Recaigo en la conciencia de que soy idiota, de que cualquier cosa basta para
alegrarme de la cuadriculada vida, y entonces el recuerdo de lo que he amado y
gozado esa noche se enturbia y se vuelve cómplice, la obra de otros idiotas que
han estado pescando o bailando mal, con trajes y coreografías mediocres, y casi
es un consuelo pero un consuelo siniestro el que seamos tantos los idiotas que
esa noche se han dado cita en esa sala para bailar y pescar y aplaudir. Lo peor
es que a los dos días abro el diario y leo la crítica del espectáculo, y la
crítica coincide casi siempre y hasta con las mismas palabras con o que tan
sensata e inteligentemente han visto y dicho mi mujer o mis amigos. Ahora estoy
seguro de que no ser idiota es una de las cosas más importantes para la vida de
un hombre, hasta que poco a poco me vaya olvidando, porque lo peor es que al
final me olvido, por ejemplo acabo de ver un pato que nadaba en uno de los
lagos del Bois de Boulogne, y era de una hermosura tan maravillosa que no pude
menos que ponerme en cuclillas junto al lago y quedarme no sé cuánto tiempo
mirando su hermosura, la alegría petulante de sus ojos, esa doble línea
delicada que corta su pecho en el agua del lago y que se va abriendo hasta
perderse en la distancia. Mi entusiasmo no nace solamente del pato, es algo que
el pato cuaja de golpe, porque a veces puede ser una hoja seca que se balancea
en el borde de un banco, o una grúa anaranjada, enormísima y delicada contra el
cielo azul de la tarde, o el olor de un vagón de tren cuando uno entra y se
tiene un billete para un viaje de tantas horas y todo va a ir sucediendo
prodigiosamente, el sándwich de jamón, los botones para encender o apagar la
luz (una blanca y otra violeta), la ventilación regulable, todo eso me parece
tan hermoso y casi tan imposible que tenerlo ahí a mi alcance me llena de una
especie de sauce interior, de una verde lluvia de delicia que no debería
terminar más. Pero muchos me han dicho que mi entusiasmo es una prueba de
inmadurez (quieren decir que soy idiota, pero eligen las palabras) y que no es
posible entusiasmarse así por una tela de araña que brilla al sol, puesto que
si uno incurre en semejantes excesos por una tela de araña llena de rocío, ¿qué
va a dejar para la noche en que den King Lear?
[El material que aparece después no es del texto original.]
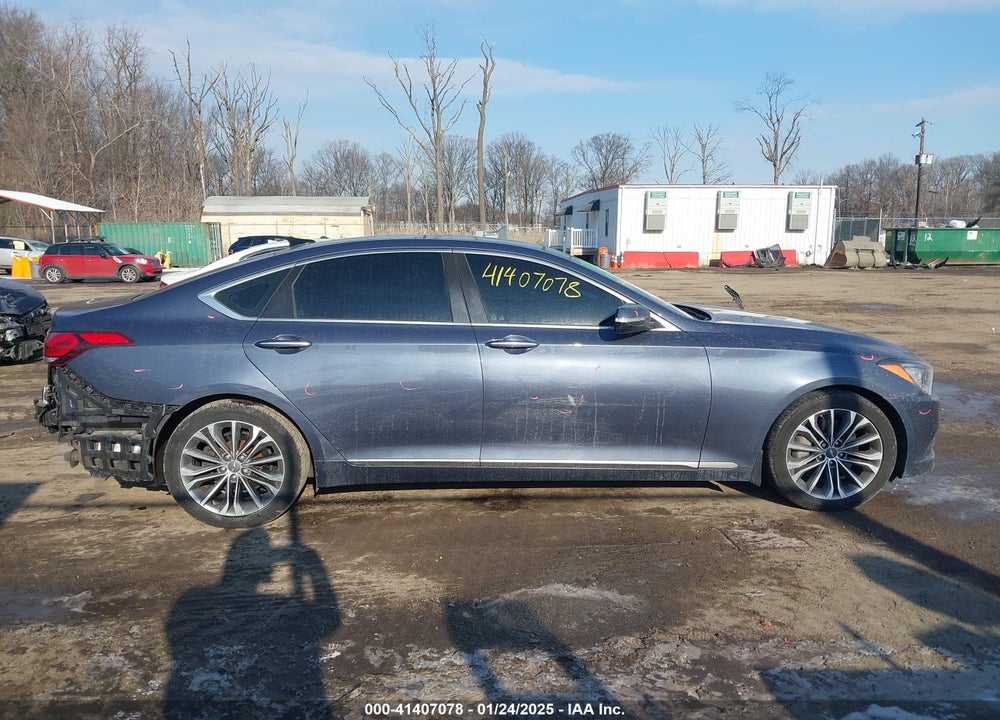 2015 HYUNDAI GENESIS VIN: KMHGN4JE8FU098807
A mí eso me sorprende un poco,
porque en realidad el entusiasmo no es una cosa que se gaste cuando uno es
realmente idiota, se gasta cuando uno es inteligente y tiene sentido de los
valores y de la historicidad de las cosas, y por eso aunque yo corra de un lado
a otro del Bois de Boulogne para ver mejor el pato, eso no me impedirá esa
misma noche dar enormes saltos de entusiasmo si me gusta como canta Fischer
Dieskau. Ahora que lo pienso la idiotez debe ser eso: poder entusiasmarse todo
el tiempo por cualquier cosa que a uno le guste, sin que un dibujito en una
pared tenga que verse menoscabado por el recuerdo de los frescos de Giotto en
Padua. La idiotez debe ser una especie de presencia y recomienzo constante:
ahora me gusta esta piedrita amarilla, ahora me gusta "L'année dernière à
Marienbad", ahora me gustas tú, ratita, ahora me gusta esa increíble
locomotora bufando en la Gare de Lyon, ahora me gusta ese cartel arrancado y
sucio. Ahora me gusta, me gusta tanto, ahora soy yo, reincidentemente yo, el
idiota perfecto en su idiotez que no sabe que es idiota y goza perdido en su
goce, hasta que la primera frase inteligente lo devuelva a la conciencia de su
idiotez y lo haga buscar presuroso un cigarrillo con manos torpes, mirando al
suelo, comprendiendo y a veces aceptando porque también un idiota tiene que
vivir, claro que hasta otro pato u otro cartel, y así siempre.